Je l'ai perçue féconde et juteuse comme le Brésil, et blonde et gueuse malgré ses sous, et folle comme je les aime, folle à m'avoir fait souffrir quand j'étais fou à force de raison, éprise d'art et de belles lettres et sensible à mon hommitude, mais je suis un grizzly, un grizzly pauvre et pas joli, et je repousse l'instant de la revoir.
Par ailleurs, l'autre soir, maman et moi, on a soupé au Bâton Rouge (Kevin: «Était-ce aussi cher que je l'imaginais?» Moi: «Pire!»). J'ai commandé un combo de poulet et côtes levées, et ma mère m'a dit: «Je vais te prendre une côte.
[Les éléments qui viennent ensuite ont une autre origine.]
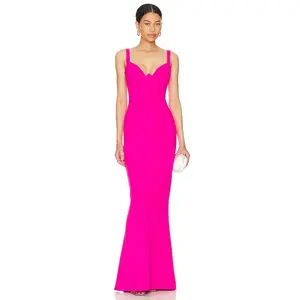 Nookie Romance Gown in Pink
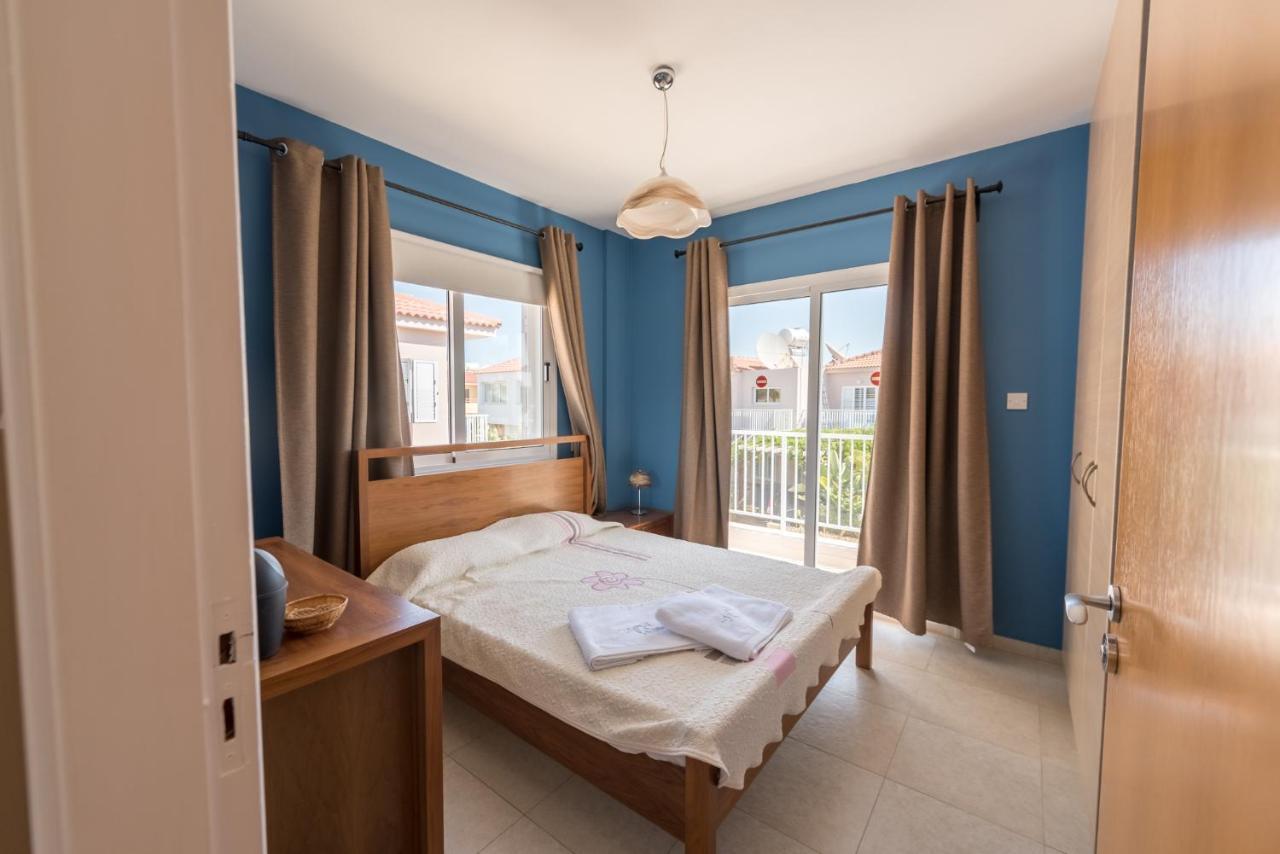 Villa Marina Айя-Напа Экстерьер фото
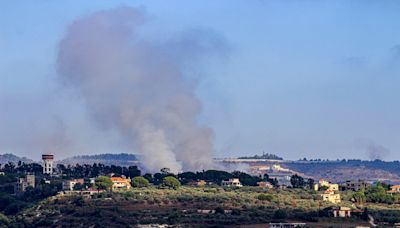 Israel strikes Hezbollah ammunition depot in south Lebanon, sources say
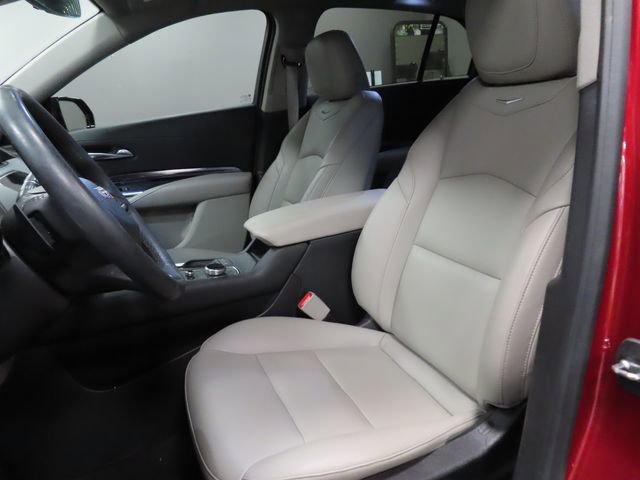 Certified 2023 Cadillac XT4 Luxury w/ Cold Weather Package FWD image 21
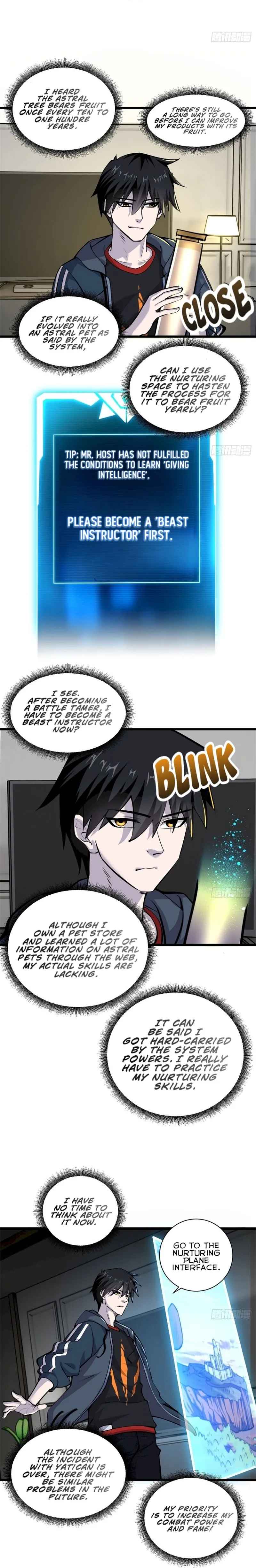 Astral Pet Store Chapter 70 4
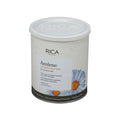 Rica Azulene Liposoluble Wax For Sensitive Skin With Glyceryl Rosinate & Natural Beeswax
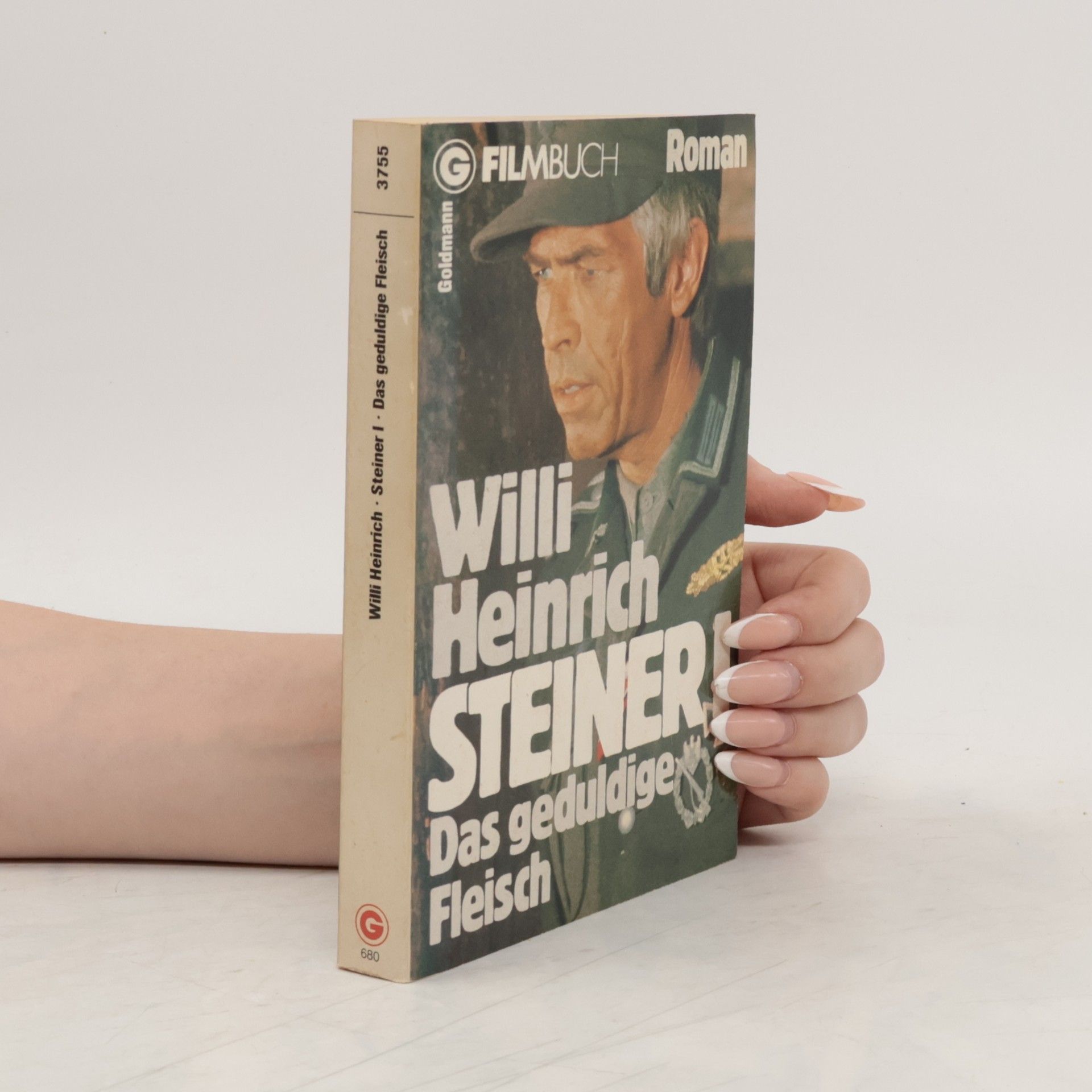 Willi Heinrich Steiner I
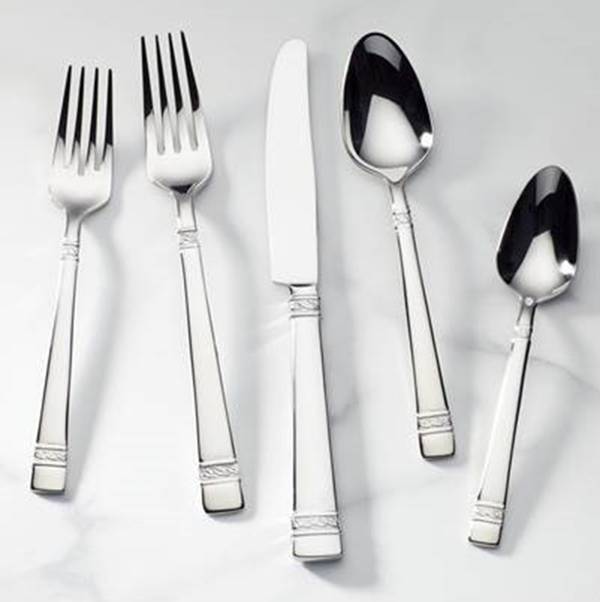 Larchwood (Stainless) by Lenox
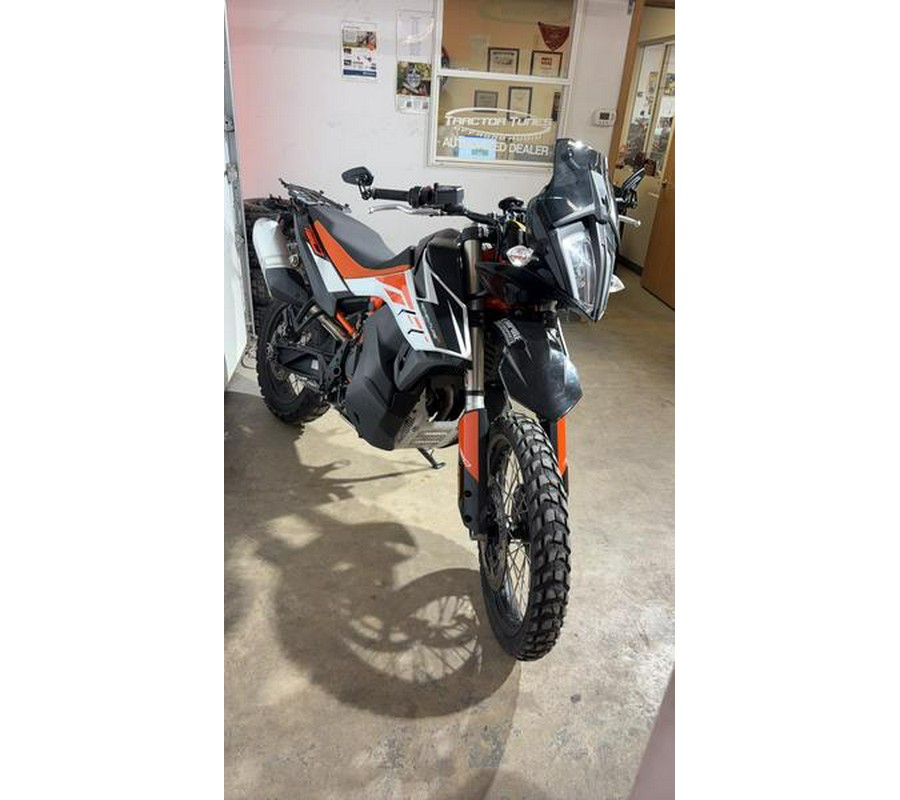 2020 KTM 790 R ADVENTURE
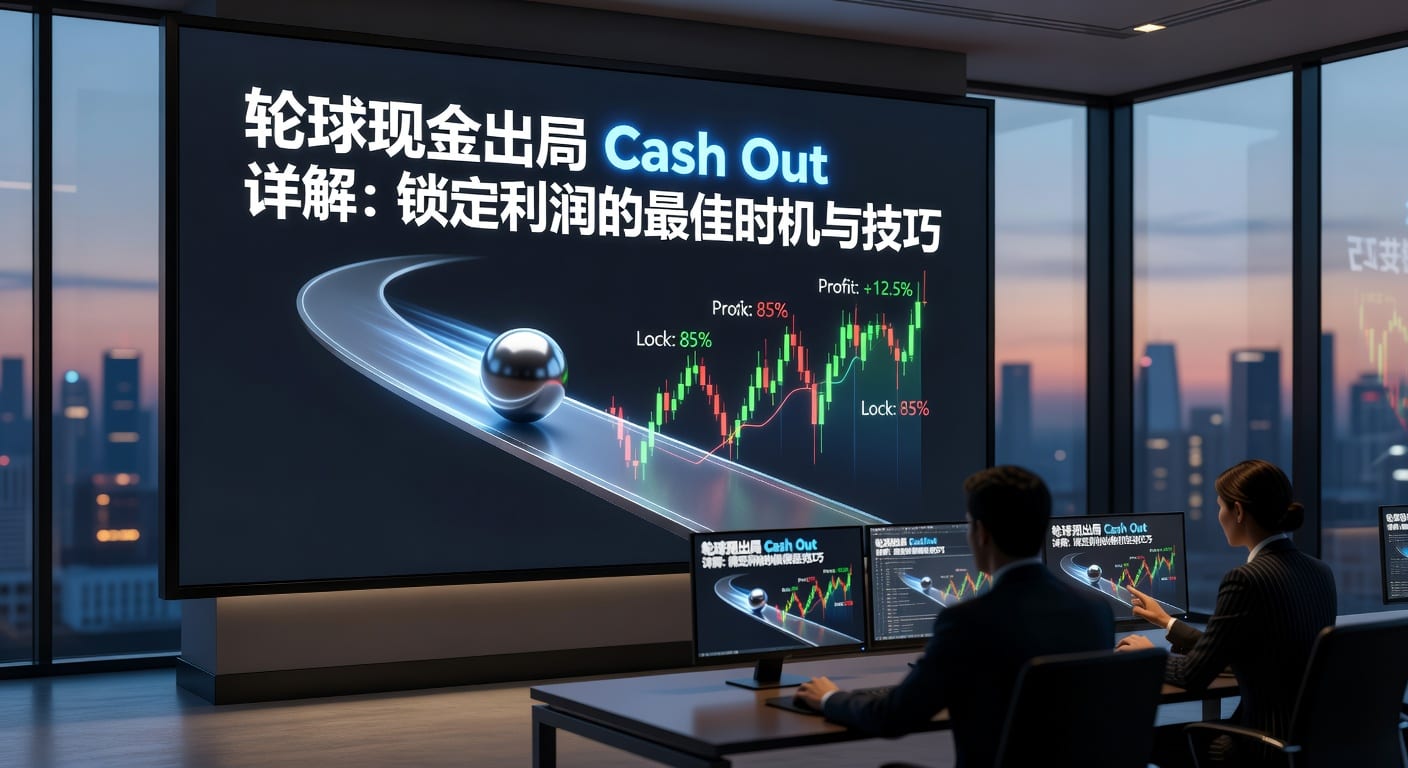 滚球现金出局 cash out 实战解读与风控思路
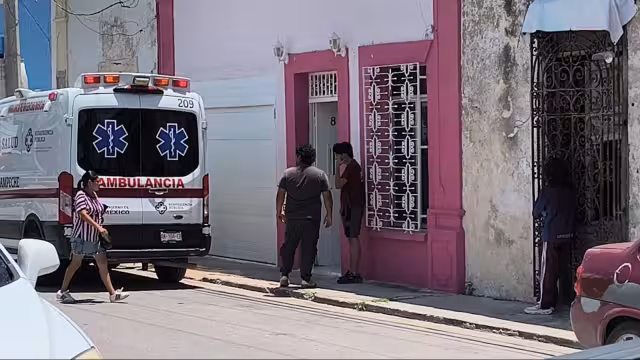 Paciente bajo observación tras intento de intoxicación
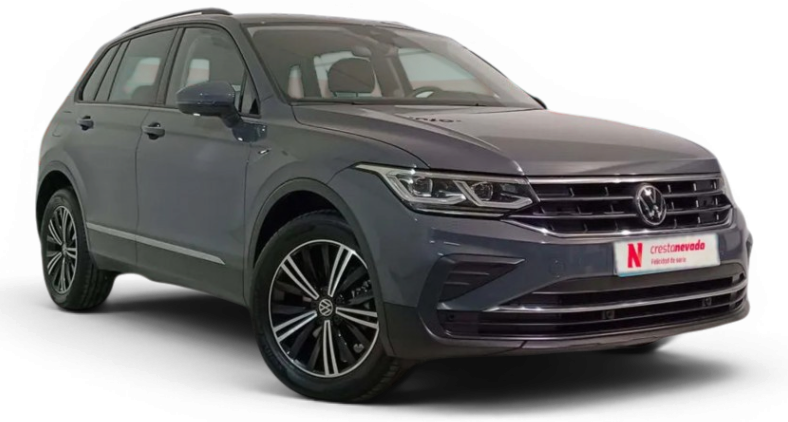 Imagen 2 de Volkswagen Tiguan Gasolina 150 CV por 38.691 €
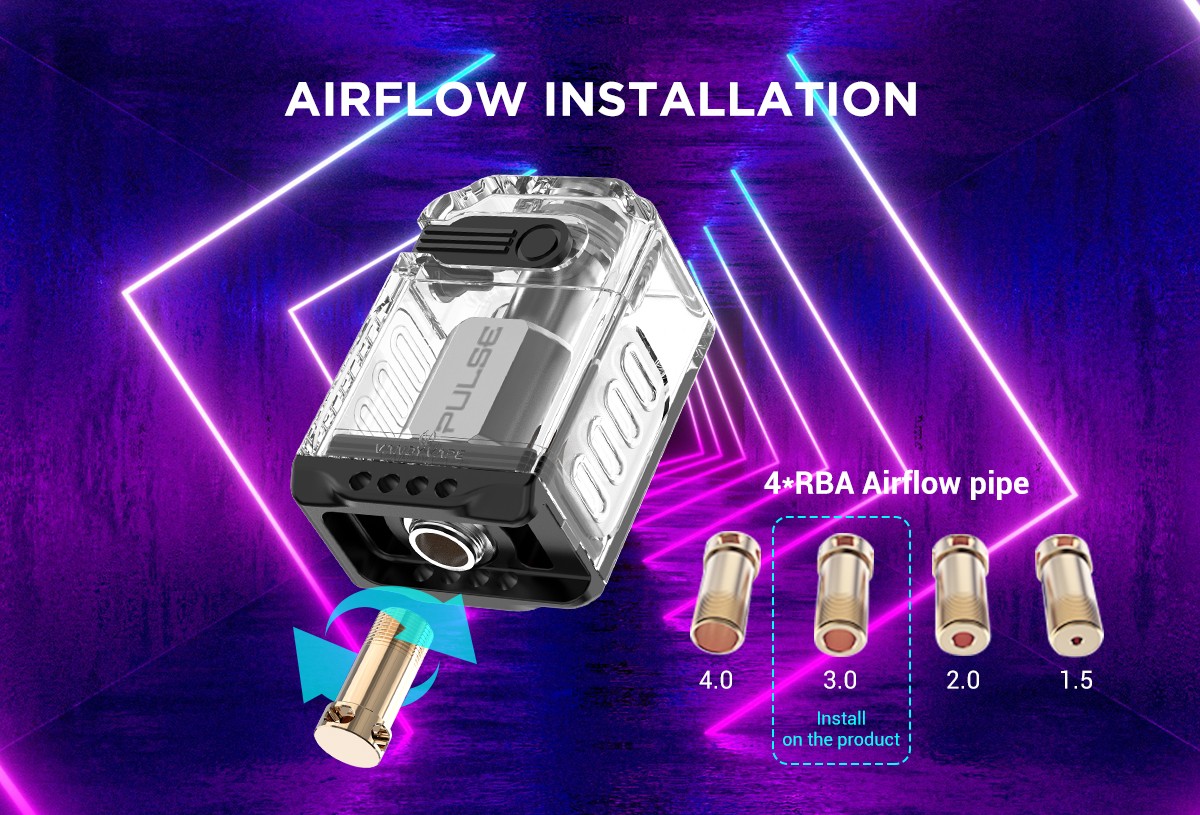 pulse aio v2 kit 80watt by vandy vape 10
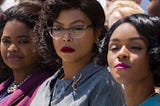 Hidden figures: improving equality through providing opportunity #IWD2018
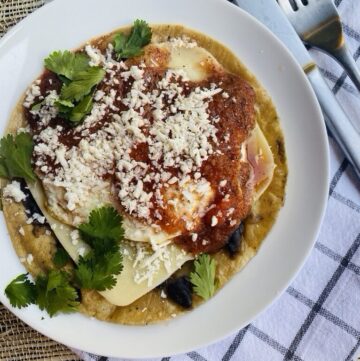 Huevos rancheros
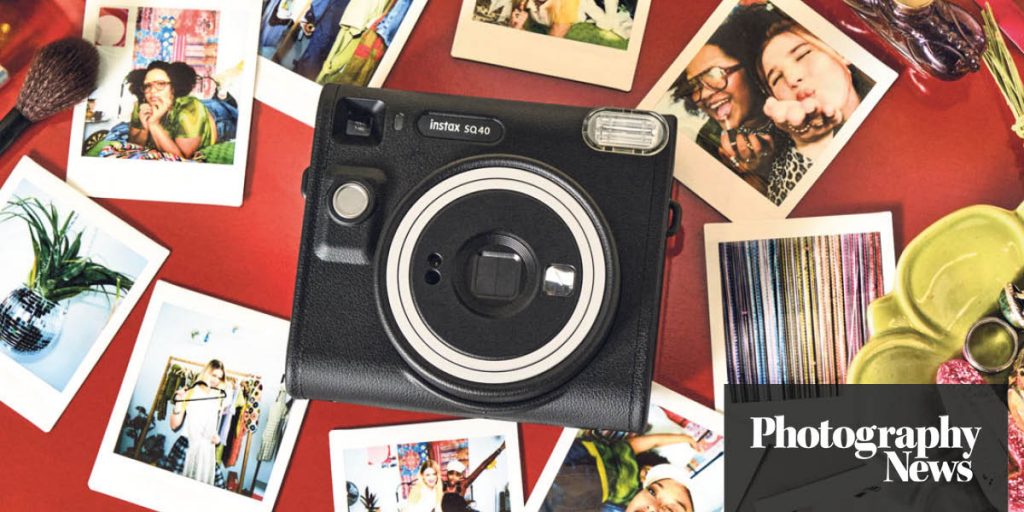 Instax вяжется |  Новости фотографии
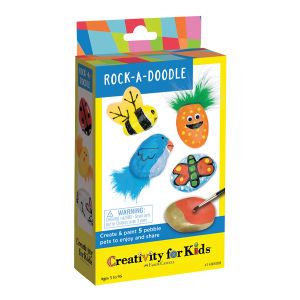 Creativity for Kids - Rock-A-Doodle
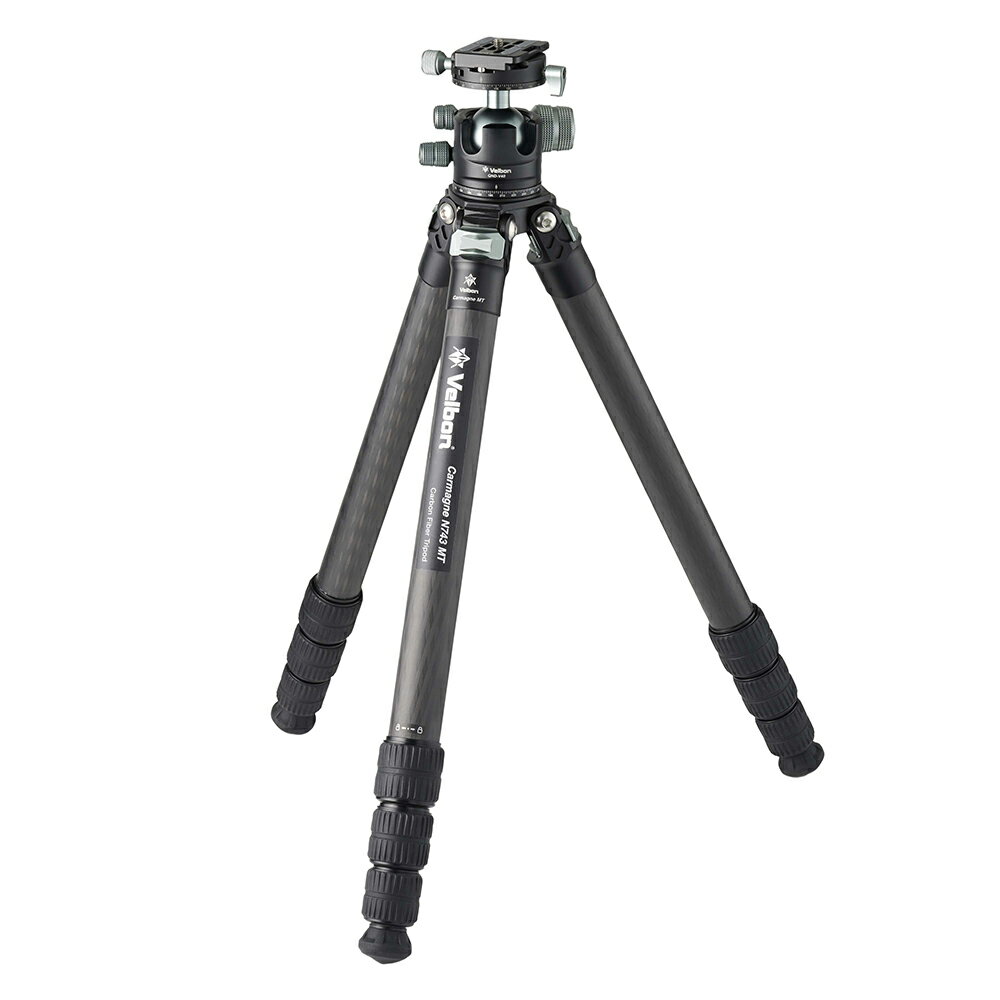 �٥�ܥ��Velbon�˥���ޡ��˥� N743 MT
Cette fois, c'est moi qui serai Ève!» Issue de la côte d'Adam, ça va sans dire, mais maman me rappelait aussi que c'était moi qui avait surgi de la sienne. Pour autant qu'il m'en souvienne, je ne l'ai jamais oublié, mais c'était bon de ressentir l'air vif de son esprit.
Puis nous avons parlé de sucre et de métabolisme, cependant que j'attaquais mon repas, une côte en moins. Elle m'a appris que les gênes gouvernent tout, en cette matière, mais malgré son sincère désir de m'instruire, elle n'a pu me livrer qu'une moitié de mes perspectives d'avenir.
Plus tard, côte à côte, nous regardions/écoutions Gilda supplier son bouffon de paternel de lui parler de sa mère disparue. De lui donner juste son nom. De lui révéler si elle était le fruit de l'amour. Ça semblait très important pour elle. Kevin dit qu'il faut se laisser porter par l'opéra, sans y chercher la moindre apparence de réalité.